Poland Part II Day 6
“Remembrance Has Not Matured In Us Yet…”
Historians, educators, archivists, advocates, survivors, curators, museum directors; representatives from the Holocaust Museum in DC, Yad Vashem in Jerusalem, Camp des Milles in France, the Anne Frank House in Amsterdam, and many more, all convened in one place, in Auschwitz, to discuss the legacy of the Holocaust.
How are messages of the Holocaust conveyed? How do you teach about the Holocaust? What do we do with oral and material evidence? Is the Holocaust simply a historical account, or does it have implications for today’s world challenges? How do we reach out to younger generations and continue to tell the stories when we no longer have witnesses alive to tell them?
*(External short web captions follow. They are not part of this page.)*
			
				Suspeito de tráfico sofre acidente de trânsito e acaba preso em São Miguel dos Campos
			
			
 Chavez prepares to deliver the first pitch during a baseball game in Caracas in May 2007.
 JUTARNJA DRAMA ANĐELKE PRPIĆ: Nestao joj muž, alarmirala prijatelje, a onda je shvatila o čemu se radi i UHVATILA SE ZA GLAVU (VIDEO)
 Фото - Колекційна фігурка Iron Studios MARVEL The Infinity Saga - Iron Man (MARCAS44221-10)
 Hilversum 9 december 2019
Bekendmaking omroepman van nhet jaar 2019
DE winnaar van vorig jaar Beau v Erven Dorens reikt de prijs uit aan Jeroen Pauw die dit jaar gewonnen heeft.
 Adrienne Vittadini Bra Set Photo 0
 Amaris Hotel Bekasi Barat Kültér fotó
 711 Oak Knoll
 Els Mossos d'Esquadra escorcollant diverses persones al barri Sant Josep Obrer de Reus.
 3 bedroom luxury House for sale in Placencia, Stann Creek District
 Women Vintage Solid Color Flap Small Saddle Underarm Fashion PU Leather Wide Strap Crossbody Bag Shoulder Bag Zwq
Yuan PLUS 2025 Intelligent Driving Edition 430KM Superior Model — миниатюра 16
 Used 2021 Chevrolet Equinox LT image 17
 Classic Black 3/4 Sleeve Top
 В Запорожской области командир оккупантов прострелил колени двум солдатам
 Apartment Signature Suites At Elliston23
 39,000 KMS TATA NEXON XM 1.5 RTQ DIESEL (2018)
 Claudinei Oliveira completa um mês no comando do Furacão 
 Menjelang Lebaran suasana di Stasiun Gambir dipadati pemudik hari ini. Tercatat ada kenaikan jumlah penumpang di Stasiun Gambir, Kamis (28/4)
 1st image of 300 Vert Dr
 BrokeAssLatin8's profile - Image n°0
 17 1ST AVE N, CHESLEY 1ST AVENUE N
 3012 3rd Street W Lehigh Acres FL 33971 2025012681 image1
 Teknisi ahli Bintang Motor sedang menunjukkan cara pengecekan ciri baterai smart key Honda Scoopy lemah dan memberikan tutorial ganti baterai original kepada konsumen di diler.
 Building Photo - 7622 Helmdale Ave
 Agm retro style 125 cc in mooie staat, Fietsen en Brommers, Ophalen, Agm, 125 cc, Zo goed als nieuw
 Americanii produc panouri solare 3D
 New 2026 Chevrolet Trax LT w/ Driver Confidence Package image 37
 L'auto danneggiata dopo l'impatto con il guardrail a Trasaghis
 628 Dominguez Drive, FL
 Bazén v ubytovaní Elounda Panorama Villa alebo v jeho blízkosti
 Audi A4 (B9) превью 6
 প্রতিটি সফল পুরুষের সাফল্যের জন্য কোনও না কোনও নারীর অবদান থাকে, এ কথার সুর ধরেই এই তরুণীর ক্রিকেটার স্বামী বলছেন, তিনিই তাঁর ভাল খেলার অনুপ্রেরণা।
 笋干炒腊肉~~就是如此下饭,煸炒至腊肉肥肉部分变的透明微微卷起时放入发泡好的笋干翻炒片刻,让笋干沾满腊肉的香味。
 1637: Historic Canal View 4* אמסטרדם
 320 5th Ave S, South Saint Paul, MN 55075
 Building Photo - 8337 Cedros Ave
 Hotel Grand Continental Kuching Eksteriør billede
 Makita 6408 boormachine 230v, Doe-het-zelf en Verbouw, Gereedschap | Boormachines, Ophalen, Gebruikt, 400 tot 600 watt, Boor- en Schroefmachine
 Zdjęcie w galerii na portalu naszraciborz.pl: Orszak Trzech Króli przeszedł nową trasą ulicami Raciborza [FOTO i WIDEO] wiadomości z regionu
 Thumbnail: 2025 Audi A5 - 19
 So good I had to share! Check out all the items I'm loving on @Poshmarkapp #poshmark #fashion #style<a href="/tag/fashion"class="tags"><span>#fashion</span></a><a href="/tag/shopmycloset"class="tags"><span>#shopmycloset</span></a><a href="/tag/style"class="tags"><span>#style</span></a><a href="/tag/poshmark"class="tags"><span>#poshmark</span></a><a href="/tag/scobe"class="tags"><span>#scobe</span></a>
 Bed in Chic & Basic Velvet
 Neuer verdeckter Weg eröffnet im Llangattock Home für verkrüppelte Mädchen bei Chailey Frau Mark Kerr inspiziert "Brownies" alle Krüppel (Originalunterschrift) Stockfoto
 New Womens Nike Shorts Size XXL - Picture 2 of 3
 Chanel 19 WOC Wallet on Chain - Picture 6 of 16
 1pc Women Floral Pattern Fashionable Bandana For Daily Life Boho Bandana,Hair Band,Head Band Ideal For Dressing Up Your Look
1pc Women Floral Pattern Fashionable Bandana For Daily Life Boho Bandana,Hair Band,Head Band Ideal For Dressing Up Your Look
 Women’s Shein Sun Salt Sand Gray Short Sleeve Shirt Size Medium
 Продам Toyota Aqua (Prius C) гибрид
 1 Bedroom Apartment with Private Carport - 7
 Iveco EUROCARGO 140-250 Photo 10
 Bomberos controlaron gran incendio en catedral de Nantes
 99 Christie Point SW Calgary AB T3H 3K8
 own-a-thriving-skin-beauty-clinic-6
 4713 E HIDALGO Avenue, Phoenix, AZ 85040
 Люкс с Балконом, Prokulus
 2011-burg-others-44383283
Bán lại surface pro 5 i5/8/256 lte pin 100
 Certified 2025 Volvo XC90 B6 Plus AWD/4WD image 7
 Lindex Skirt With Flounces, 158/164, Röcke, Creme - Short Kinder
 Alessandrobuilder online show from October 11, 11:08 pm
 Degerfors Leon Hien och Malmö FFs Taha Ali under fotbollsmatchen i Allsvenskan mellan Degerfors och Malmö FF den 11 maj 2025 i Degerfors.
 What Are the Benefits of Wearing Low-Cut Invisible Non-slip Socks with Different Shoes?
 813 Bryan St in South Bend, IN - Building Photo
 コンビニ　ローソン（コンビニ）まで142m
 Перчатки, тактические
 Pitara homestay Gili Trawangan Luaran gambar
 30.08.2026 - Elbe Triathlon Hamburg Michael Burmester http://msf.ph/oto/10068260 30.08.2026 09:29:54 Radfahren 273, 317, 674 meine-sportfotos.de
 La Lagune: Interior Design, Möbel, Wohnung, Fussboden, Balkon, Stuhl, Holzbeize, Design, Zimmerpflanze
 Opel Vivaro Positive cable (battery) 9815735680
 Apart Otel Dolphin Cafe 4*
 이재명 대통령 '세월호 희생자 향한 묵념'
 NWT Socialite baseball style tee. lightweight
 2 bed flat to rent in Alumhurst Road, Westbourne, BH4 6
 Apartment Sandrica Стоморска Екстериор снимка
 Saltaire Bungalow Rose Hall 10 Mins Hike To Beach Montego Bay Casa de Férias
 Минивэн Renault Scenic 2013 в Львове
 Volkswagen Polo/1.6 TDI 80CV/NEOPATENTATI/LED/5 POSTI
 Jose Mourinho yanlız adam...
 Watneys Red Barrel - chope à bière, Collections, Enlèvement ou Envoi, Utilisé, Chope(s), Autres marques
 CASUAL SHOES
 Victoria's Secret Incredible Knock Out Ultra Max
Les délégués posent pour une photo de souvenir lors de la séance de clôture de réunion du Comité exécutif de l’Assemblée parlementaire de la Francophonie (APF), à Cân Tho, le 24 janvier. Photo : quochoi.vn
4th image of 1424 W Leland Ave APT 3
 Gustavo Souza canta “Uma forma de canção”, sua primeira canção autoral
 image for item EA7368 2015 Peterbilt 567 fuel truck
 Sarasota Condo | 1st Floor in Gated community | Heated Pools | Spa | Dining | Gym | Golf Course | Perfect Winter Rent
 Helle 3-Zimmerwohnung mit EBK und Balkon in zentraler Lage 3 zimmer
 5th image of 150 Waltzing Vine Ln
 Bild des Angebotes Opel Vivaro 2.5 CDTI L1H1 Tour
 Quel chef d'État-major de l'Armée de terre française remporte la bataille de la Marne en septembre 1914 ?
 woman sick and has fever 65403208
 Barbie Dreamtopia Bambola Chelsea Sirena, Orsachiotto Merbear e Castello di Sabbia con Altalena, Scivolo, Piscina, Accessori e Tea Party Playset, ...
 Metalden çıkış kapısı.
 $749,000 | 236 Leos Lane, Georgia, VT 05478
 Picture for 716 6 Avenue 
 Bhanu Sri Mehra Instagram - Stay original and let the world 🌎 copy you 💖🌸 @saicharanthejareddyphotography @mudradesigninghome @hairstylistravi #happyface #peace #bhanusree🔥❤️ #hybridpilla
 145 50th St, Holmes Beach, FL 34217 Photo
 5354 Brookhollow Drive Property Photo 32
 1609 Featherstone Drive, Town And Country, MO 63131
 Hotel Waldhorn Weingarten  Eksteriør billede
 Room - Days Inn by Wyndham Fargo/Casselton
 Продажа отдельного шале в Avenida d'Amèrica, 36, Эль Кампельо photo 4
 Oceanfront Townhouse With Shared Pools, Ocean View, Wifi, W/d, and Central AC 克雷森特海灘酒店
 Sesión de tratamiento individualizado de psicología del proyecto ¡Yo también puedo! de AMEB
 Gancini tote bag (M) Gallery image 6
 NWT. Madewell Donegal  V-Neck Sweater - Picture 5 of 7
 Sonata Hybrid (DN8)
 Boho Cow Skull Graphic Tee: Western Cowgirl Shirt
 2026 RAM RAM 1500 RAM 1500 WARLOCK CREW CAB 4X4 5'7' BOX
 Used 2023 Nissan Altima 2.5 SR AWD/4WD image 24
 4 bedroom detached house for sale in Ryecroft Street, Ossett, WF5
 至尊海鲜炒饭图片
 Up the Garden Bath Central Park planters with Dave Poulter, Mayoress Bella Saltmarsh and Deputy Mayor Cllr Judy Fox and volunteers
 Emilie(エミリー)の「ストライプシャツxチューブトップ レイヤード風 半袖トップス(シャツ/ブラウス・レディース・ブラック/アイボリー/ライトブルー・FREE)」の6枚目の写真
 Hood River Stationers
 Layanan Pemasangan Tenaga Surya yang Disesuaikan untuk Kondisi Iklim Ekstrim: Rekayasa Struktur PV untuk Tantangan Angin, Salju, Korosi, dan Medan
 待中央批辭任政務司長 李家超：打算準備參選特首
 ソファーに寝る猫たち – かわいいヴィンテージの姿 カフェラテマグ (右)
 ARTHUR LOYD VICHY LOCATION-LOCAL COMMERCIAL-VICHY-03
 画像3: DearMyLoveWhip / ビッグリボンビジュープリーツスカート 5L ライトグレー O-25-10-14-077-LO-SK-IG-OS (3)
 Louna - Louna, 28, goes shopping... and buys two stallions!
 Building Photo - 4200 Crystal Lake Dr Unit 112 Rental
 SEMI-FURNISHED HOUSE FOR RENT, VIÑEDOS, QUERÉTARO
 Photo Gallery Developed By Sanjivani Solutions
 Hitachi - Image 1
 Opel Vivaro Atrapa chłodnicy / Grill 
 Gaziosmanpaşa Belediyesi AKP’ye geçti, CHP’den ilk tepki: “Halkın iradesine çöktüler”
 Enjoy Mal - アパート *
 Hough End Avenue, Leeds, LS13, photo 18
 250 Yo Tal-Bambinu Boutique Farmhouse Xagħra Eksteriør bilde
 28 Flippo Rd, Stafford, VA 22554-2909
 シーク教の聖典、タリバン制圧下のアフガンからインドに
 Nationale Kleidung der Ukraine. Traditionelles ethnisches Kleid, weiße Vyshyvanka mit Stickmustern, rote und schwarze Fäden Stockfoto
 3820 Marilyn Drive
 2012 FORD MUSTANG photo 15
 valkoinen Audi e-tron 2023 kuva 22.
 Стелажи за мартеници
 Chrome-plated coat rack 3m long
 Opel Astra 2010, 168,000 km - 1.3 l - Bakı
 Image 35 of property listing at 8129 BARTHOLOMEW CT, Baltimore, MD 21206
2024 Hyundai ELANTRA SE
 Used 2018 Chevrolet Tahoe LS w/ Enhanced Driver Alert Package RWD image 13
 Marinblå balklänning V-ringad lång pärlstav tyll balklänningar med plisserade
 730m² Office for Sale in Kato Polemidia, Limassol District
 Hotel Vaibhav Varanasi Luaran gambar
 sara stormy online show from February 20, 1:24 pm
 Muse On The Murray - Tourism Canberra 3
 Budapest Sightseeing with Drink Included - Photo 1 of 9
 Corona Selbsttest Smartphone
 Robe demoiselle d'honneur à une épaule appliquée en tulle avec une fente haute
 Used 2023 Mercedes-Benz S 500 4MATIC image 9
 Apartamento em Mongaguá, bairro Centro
Questions we can all ask ourselves.
The Holocaust is perhaps the most documented genocide in history. My grandfather and I got a sample of this in January, when Auschwitz archivist Szymon Kowalski showed us documents with my grandfather’s name and prisoner number, detailing some of his time at the camp. At this conference, Professor Jan Grabowski from the University of Ottawa showed us further proof of the Germans twisted fetish for documenting and cataloging their atrocities.
Because of the work of people like Kowalski and Grabowski, not only are we able to retain proof of what happened during the Holocaust, we are also able to attach faces and names to those incidents. The statistics become compilations of real individual stories; people with pasts, people denied a future.